PetrusKe · April 16, 2018, 12:24pm

Hi, @smth ,
I just started to use pytorch recently. And I also comfuse about above problem.
And I think above two ways may not same?

While use:
loss1.backward(retain_graph=True)
_ loss2.backward()_
_ opt.step()_
the layers between loss1 and loss2 will only calculate gradients from loss2.
and the layers before loss1 will calculate gradientes as sum of loss1+loss2

but if use:
total_loss = loss1 + loss2
_ total_loss.backward()_
_ opt.step()_
all layers will calculate gradient by using loss_value = loss1 + loss2

What do you think about it?

devansh20la · July 6, 2018, 1:30pm

derivative of weights of model 2 wrt to loss 1 would be zero.

STU · February 24, 2019, 7:17am

‘loss1.backward(retain_graph=True)’ will update the model-1’s parameters,
when we do loss2.backward(), will update the model-1?

STU · February 24, 2019, 7:26am

we need the variables or the part of computational graph of model-1, but we won’t update it’s parameters? e.g. in GAN. Are there any mistakes with my understanding?

devansh20la · February 24, 2019, 7:31am

Yes, it will update model1 parameters. Gradients from loss2 will flow all the way to model1.

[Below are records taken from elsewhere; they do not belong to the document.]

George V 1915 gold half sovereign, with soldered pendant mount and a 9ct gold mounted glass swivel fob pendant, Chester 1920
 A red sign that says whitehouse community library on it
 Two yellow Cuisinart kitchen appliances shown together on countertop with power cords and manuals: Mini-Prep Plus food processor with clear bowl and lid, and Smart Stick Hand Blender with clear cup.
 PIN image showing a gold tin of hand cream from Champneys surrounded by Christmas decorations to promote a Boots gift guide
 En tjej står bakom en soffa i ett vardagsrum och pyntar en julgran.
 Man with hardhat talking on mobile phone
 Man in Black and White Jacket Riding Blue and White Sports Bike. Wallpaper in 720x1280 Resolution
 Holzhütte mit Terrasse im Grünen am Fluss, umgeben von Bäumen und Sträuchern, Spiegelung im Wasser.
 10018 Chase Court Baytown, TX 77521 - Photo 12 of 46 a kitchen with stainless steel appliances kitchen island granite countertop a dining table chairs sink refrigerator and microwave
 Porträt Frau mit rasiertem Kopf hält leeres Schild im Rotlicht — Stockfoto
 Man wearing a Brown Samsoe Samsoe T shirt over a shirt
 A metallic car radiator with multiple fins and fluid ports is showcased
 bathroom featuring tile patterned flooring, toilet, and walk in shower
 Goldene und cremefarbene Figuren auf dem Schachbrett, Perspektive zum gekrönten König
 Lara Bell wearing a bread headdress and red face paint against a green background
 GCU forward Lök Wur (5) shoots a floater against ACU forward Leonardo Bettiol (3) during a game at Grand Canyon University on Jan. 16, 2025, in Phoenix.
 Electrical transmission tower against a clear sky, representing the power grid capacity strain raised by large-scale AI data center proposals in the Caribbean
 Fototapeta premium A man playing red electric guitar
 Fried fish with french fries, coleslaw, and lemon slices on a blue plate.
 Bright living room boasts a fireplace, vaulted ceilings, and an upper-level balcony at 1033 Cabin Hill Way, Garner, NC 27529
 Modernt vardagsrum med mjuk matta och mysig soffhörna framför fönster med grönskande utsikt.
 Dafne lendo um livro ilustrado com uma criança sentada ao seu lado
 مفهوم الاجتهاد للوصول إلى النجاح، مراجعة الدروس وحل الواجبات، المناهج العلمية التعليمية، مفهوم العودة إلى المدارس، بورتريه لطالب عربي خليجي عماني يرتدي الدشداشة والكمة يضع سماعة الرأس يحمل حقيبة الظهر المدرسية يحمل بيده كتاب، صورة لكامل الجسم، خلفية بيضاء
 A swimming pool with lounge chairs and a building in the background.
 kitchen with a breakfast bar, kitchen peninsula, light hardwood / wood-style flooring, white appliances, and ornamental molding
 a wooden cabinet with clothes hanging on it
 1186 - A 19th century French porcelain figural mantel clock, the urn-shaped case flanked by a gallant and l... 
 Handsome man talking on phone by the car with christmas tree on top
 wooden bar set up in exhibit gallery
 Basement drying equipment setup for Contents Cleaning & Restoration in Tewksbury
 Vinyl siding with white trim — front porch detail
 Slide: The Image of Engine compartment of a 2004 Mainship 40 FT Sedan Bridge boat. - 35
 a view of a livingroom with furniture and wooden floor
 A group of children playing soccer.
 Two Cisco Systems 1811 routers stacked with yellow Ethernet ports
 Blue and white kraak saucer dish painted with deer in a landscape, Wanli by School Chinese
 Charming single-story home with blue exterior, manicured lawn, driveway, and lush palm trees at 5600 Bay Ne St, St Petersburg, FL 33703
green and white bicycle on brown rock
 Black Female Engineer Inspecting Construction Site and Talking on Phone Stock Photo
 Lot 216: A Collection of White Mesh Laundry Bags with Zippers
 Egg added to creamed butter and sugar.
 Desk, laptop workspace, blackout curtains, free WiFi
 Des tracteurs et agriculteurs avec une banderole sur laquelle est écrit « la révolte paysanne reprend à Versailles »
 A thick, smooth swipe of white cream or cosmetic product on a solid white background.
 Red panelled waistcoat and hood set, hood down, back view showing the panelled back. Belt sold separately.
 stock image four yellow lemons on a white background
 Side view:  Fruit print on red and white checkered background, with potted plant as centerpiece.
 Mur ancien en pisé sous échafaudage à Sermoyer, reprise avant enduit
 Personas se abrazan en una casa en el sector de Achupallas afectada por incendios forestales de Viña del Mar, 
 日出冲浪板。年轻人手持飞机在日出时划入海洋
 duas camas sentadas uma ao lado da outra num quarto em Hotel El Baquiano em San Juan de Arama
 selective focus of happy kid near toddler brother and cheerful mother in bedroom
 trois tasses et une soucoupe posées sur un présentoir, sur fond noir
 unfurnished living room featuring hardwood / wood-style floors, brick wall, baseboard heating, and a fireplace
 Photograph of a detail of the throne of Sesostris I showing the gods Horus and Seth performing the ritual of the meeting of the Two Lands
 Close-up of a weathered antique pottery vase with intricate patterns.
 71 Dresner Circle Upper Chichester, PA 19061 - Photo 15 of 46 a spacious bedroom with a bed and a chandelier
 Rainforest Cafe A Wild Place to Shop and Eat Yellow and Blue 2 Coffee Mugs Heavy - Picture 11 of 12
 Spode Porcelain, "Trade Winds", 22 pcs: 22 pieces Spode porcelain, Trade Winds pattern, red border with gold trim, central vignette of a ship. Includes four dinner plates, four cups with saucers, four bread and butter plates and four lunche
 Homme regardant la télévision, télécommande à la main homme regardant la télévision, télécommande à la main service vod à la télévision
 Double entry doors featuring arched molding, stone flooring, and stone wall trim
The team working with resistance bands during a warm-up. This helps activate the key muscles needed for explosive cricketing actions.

Insight_Gong · October 1, 2019, 4:32am

So what’s the difference between these 2 methods?
I don’t know how the loss1+loss2 is trying to backward.
Do they have diff? What’s the diff?

Insight_Gong · October 1, 2019, 5:44am

As far as I think, loss = loss1 + loss2 will compute grads for all params, for params used in both l1 and l2, it sum the grads, then using backward() to get grad.
Meanwhile, loss1.backward() and loss2.backward() means seperately compute grads in loss1 and loss2, and get grads themselves.

The diff is that: When using optimizer to update step size using gd method, sum(loss).backward() using only 1 optimizer with sum of grads; and l1, l2 using 1 optimizer(or even 2 optimizer) to compute step-size based on the grads, for params which l1 and l2 owns in public, maybe the step-size is depended on l2 loss(which computes later).